Así pues, volviendo a la pregunta, la respuesta es negativa: no la invalida ya que resulta indiferente. Debe ser el objetivo entramado, tan profuso y complejo, de relaciones personales y económicas como el que existe entre catalanes y el resto de los españoles, el que sustente las decisiones sobre el futuro.

Con toda seguridad podría seguir haciéndose política desde el Gobierno estatal, organizando otro simposio cuyo título fuera una conclusión del tipo “Cataluña en España, ejemplo de sinergia y complementariedad”, pero es probable que esto ya no tuviera ningún efecto sobre la opinión de los ciudadanos de Cataluña que hoy se identifican independentistas, como apunta hoy preocupado  Iñaki Gabilondo en su vídeoblog, porque un sentimiento amplio de huida justificada se percibe ya instalado en la sociedad.

Así, lo que parece indudable es que esta guerra de la comunicación, de la creación de opinión, emprendida por el nacionalismo catalán independentista desde el minuto siguiente a la aprobación de la Constitución del 78, está siendo ganada, y en buena parte porque son los sentimientos a los que se acude, a los que se convoca para dirimir el asunto, y ello no es baladí, porque son difíciles cuando no imposibles de cambiar. Incluso cuando se aportan datos, como en el caso de este simposio, es para alimentar, de nuevo, sentimientos.

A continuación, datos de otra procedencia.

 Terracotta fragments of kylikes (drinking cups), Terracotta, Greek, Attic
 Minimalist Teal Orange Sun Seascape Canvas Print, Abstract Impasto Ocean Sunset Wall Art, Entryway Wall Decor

Quizá lo que parece más recomendable, que los convocados fueran los hechos, el análisis racional de la situación y el momento histórico que vivimos en el planeta, en definitiva lo que está a nuestro alcance temporal encontrarle soluciones, creando proyectos que nos mejoren y buscando beneficios para todos, acabe siendo lo que ocurra finalmente. Por ello hago votos.